== Segment start ==

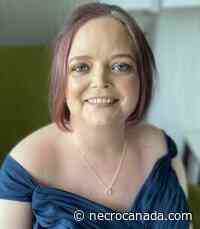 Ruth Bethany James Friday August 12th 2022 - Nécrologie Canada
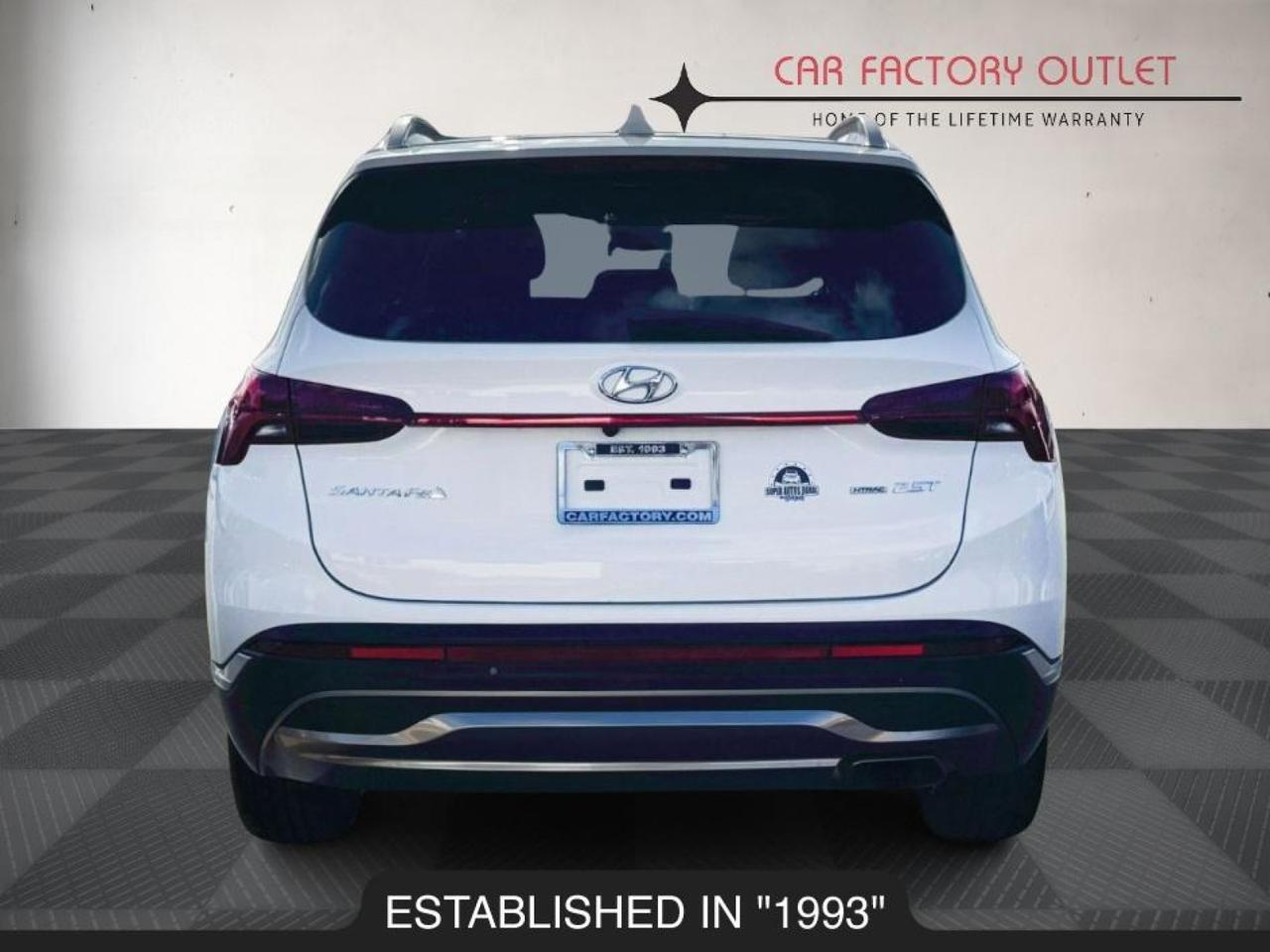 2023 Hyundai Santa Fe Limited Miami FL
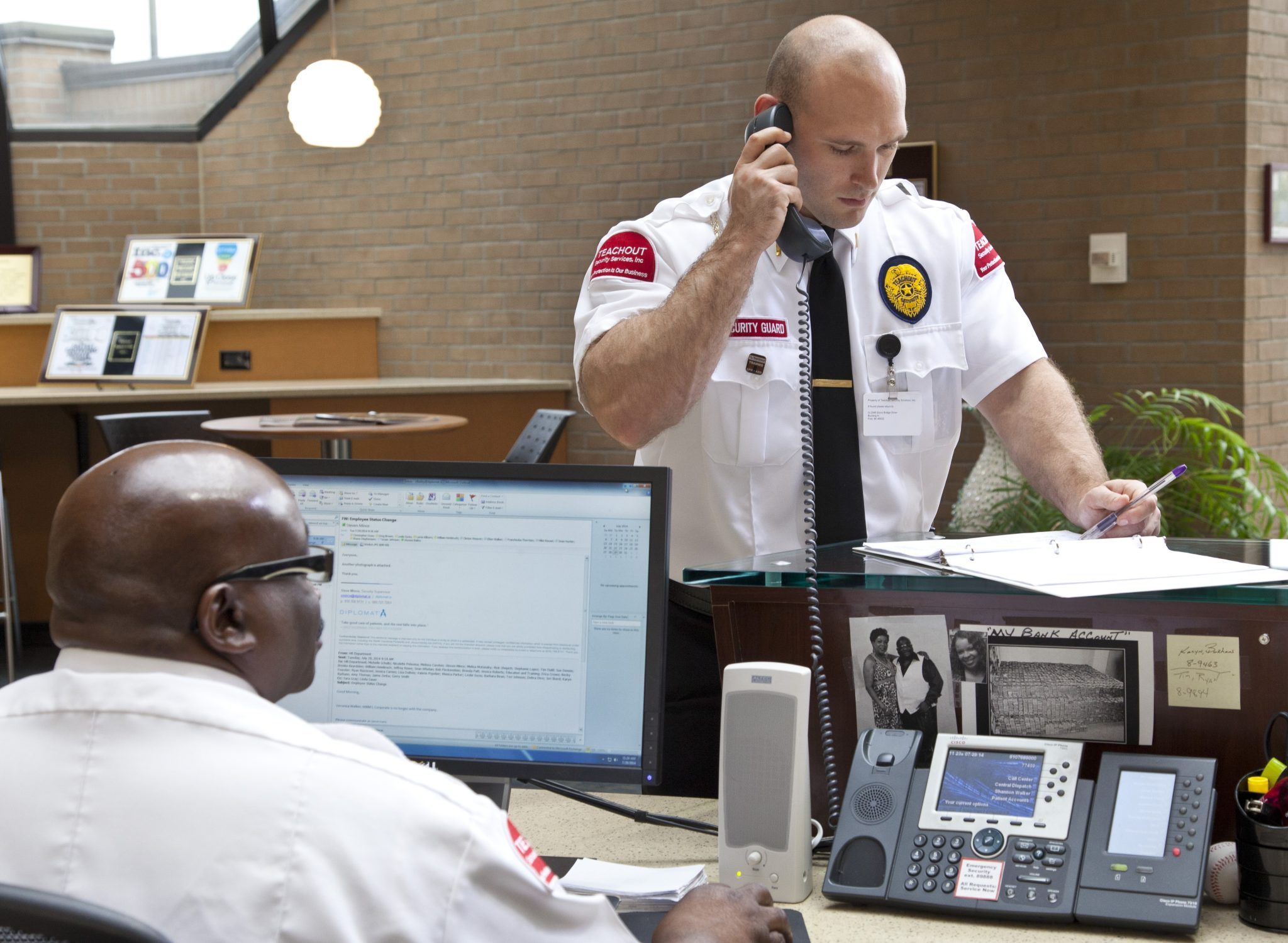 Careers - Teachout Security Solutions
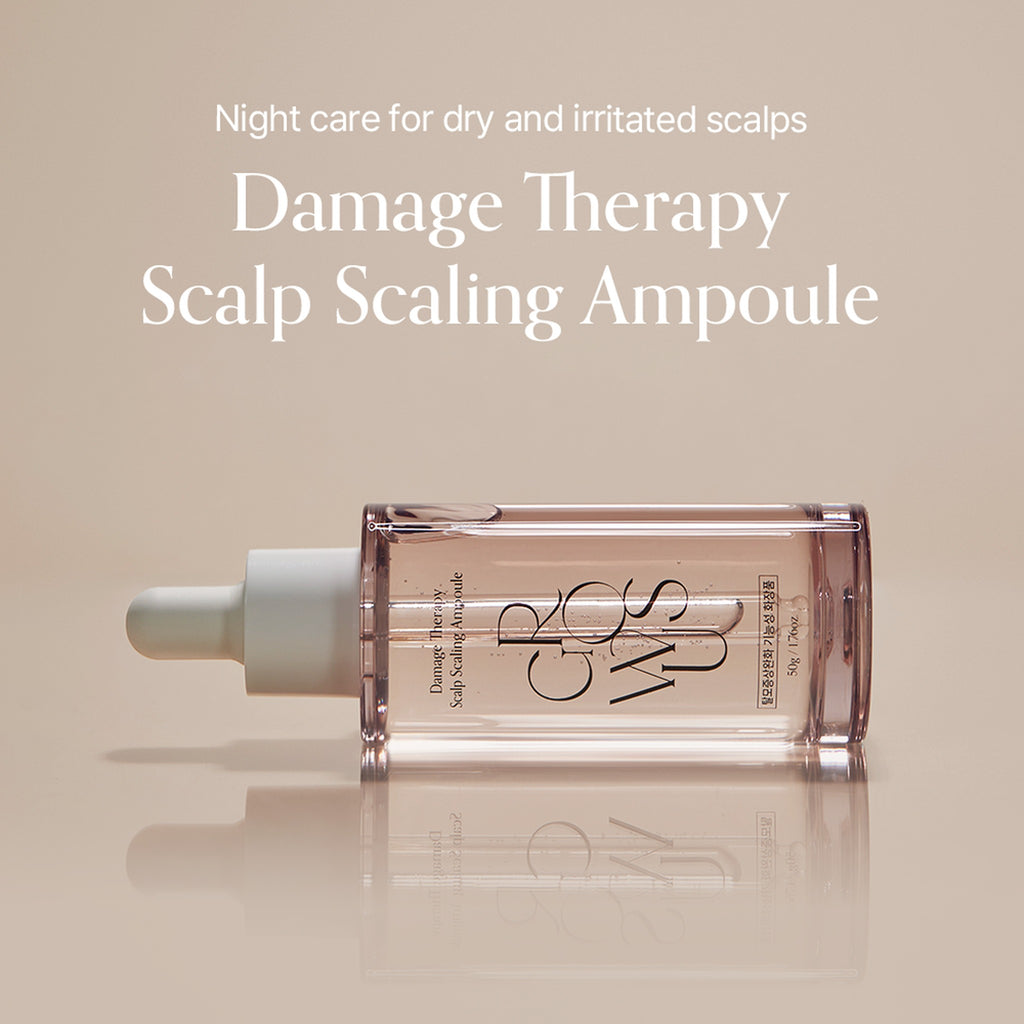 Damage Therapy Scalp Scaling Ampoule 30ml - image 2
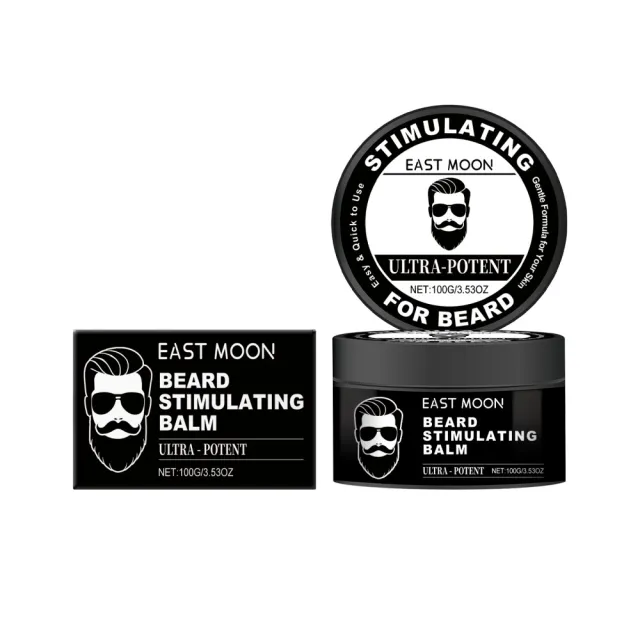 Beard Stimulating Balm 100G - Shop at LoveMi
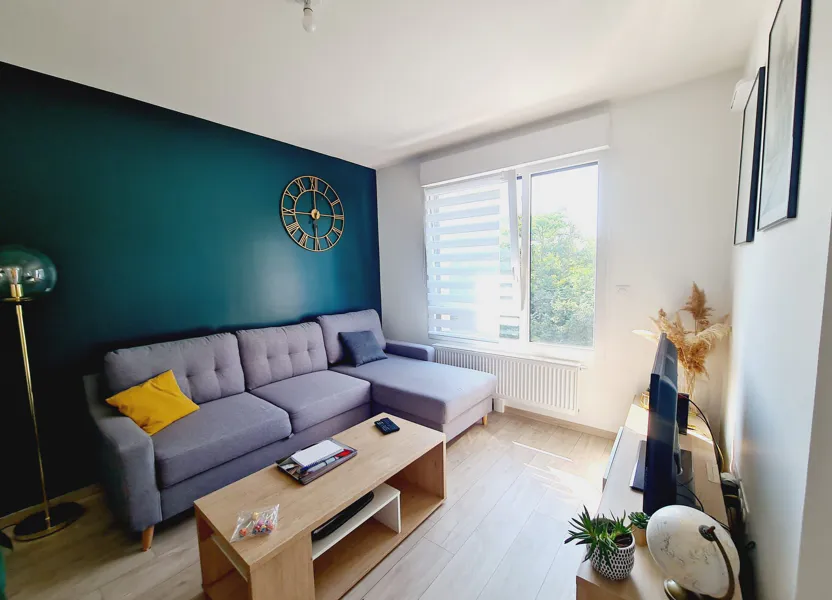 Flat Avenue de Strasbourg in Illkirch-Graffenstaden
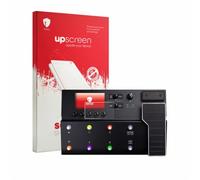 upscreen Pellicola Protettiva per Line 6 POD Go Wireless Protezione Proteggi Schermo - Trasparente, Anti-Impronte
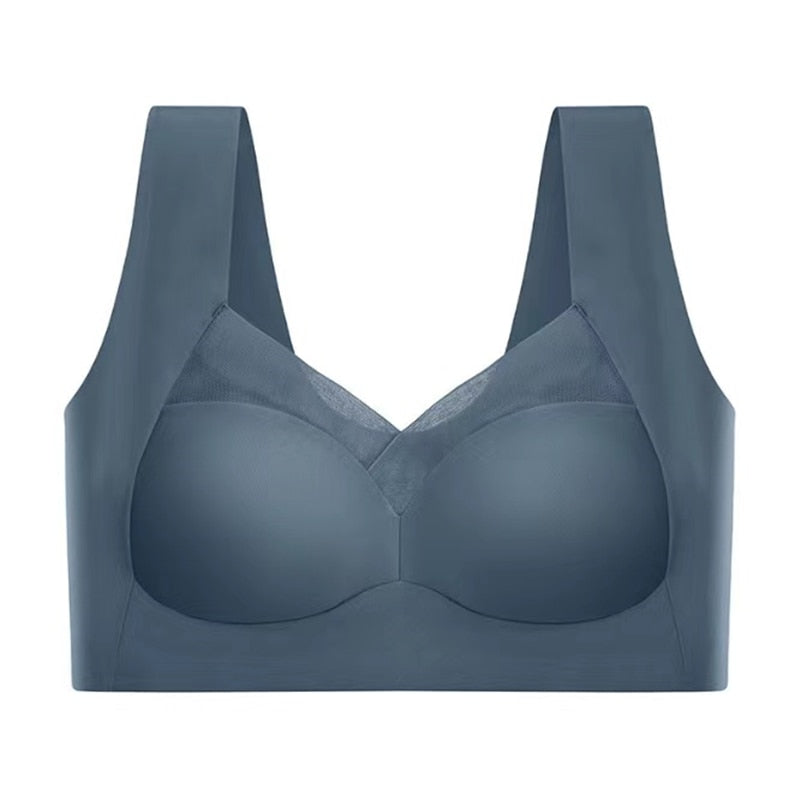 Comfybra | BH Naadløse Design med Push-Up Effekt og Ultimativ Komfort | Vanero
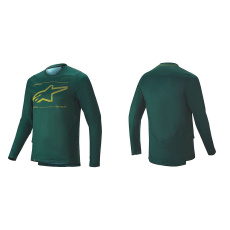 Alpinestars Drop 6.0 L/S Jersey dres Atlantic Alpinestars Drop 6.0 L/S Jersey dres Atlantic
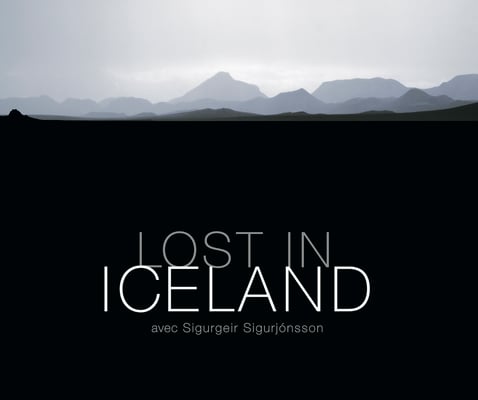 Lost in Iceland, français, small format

== Segment end ==

■ EXERCISE BRIEF:
Without the pictures, transcribe the lines from the one containing "Comfybra | BH" through the end of the data, exactly and only those.

■ TASK SOLUTION:
 Comfybra | BH Naadløse Design med Push-Up Effekt og Ultimativ Komfort | Vanero
 Alpinestars Drop 6.0 L/S Jersey dres Atlantic Alpinestars Drop 6.0 L/S Jersey dres Atlantic
 Lost in Iceland, français, small format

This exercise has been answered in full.